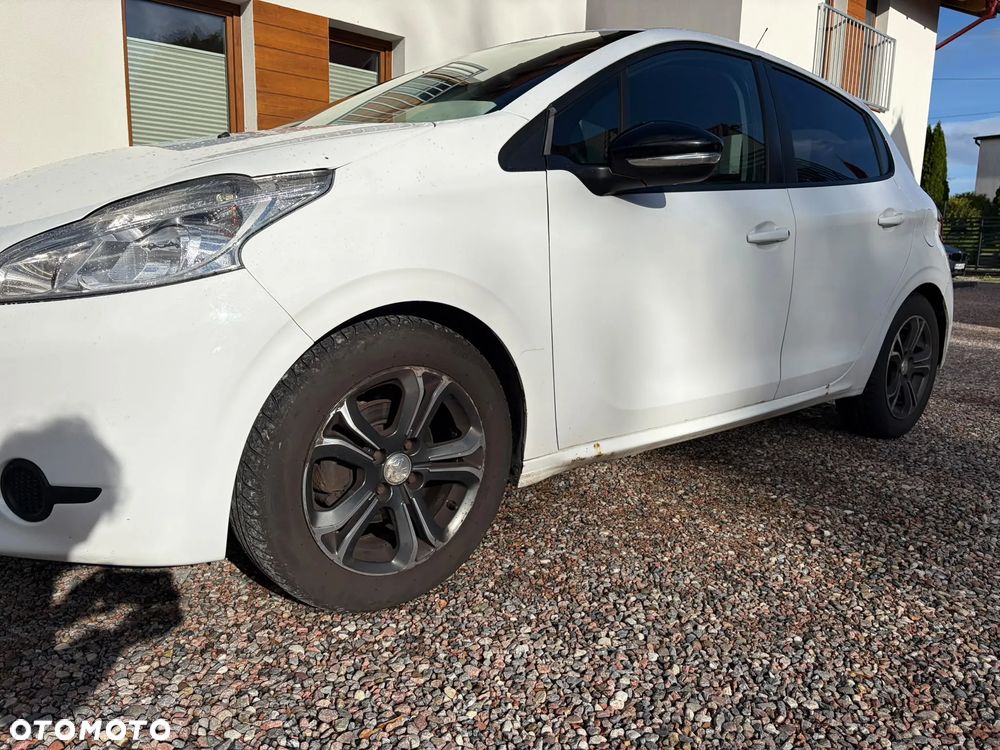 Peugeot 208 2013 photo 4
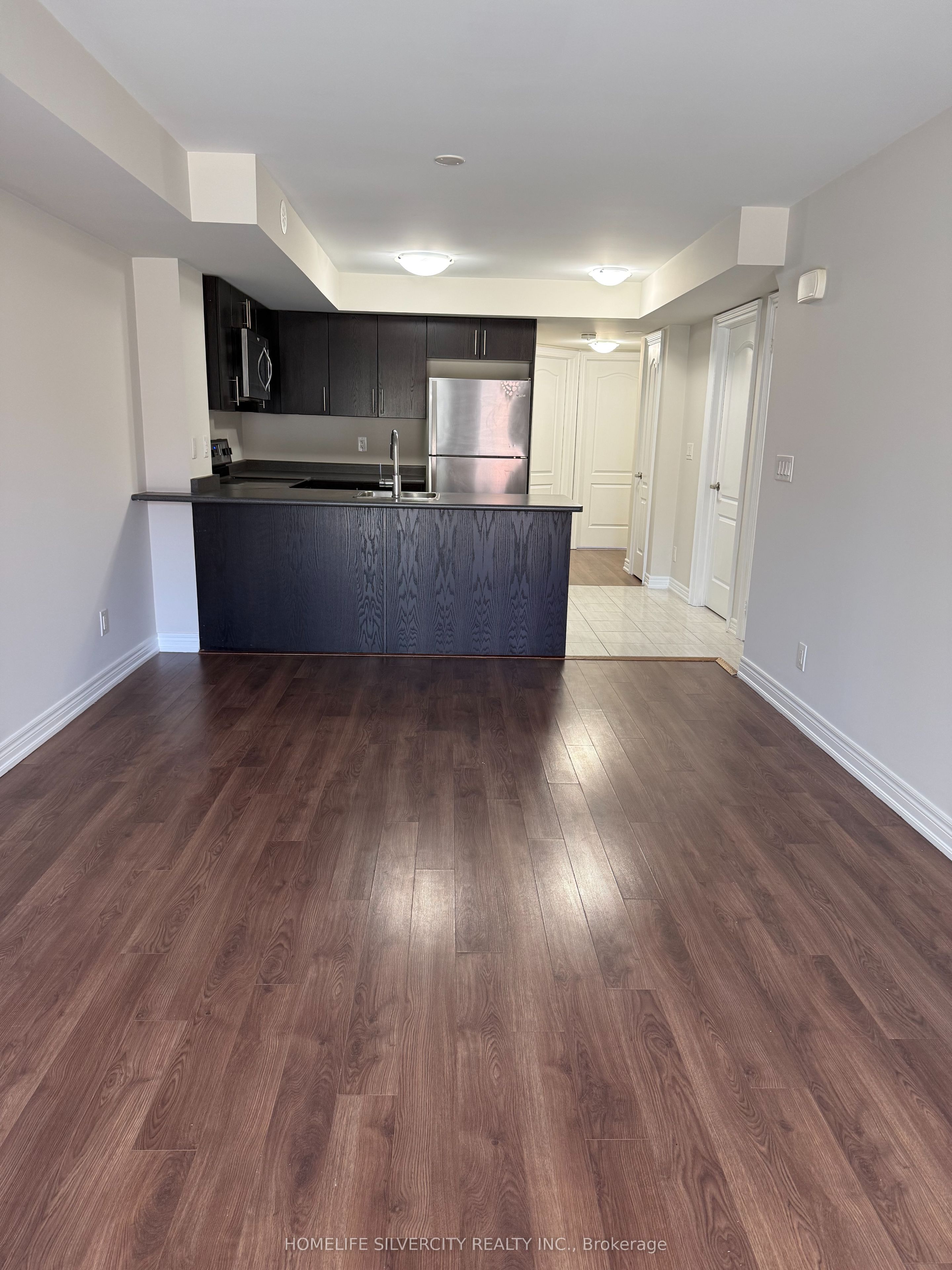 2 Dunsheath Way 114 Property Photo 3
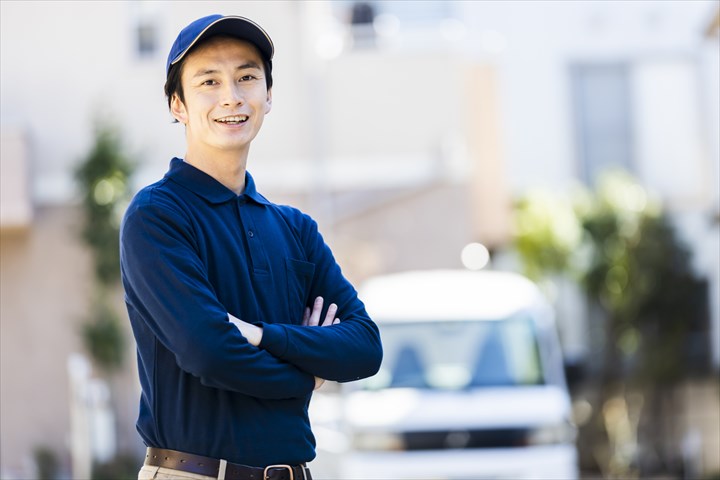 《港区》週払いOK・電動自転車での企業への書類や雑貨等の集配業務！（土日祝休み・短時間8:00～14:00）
━━━━
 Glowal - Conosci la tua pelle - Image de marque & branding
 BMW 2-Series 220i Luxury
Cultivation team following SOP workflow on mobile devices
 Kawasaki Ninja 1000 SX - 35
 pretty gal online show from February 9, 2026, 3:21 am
━━━━
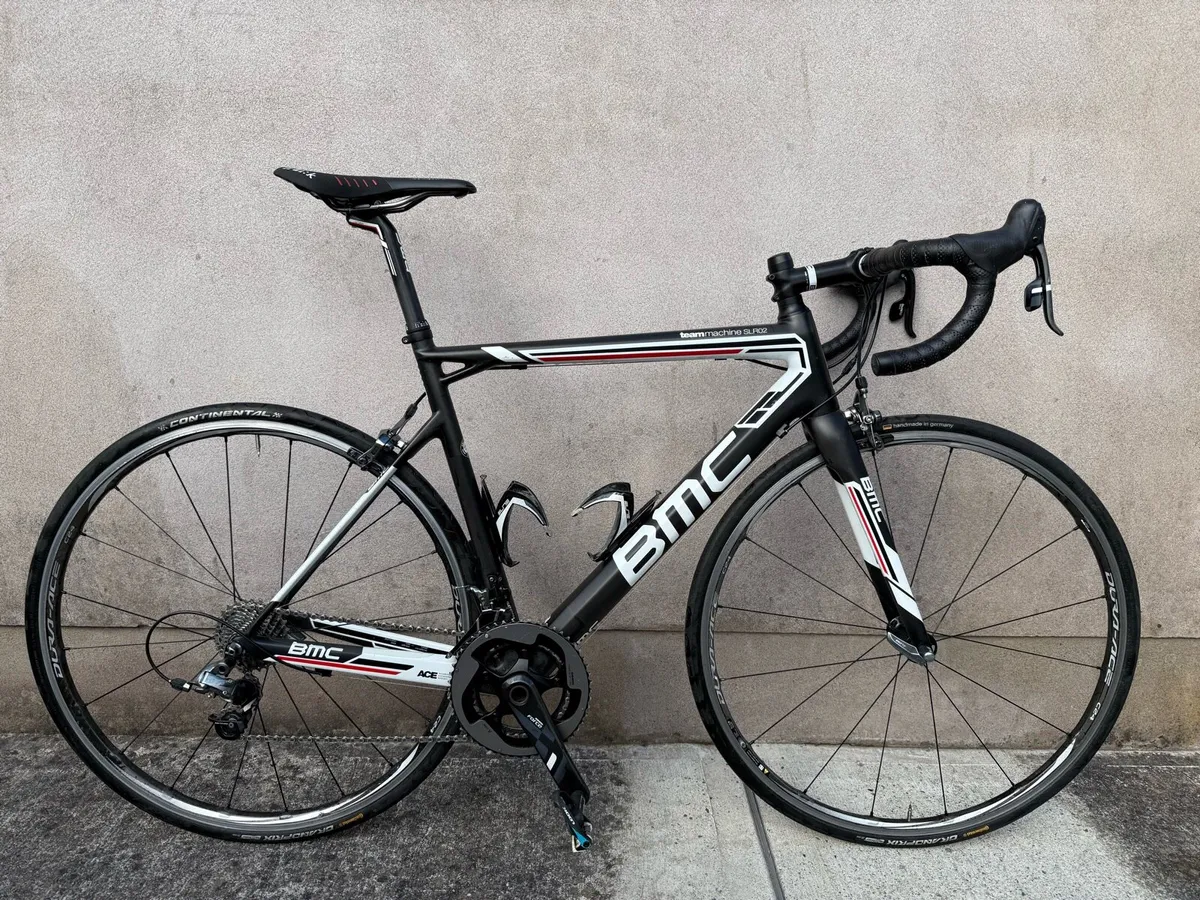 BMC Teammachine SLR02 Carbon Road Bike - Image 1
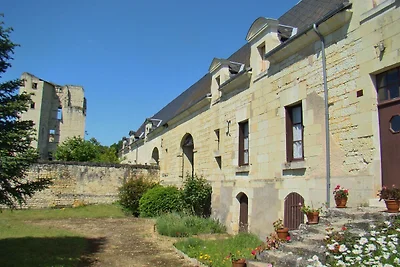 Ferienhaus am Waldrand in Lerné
━━━━
**ABOUT THIS TASK:** Using the records above, return verbatim only the part that opens with the line containing "BMC Teammachine SLR02" and closes with the line containing "Ferienhaus am Waldrand in Lerné"; pictures stay out.

**EXERCISE SOLUTION:**
 BMC Teammachine SLR02 Carbon Road Bike - Image 1
 Ferienhaus am Waldrand in Lerné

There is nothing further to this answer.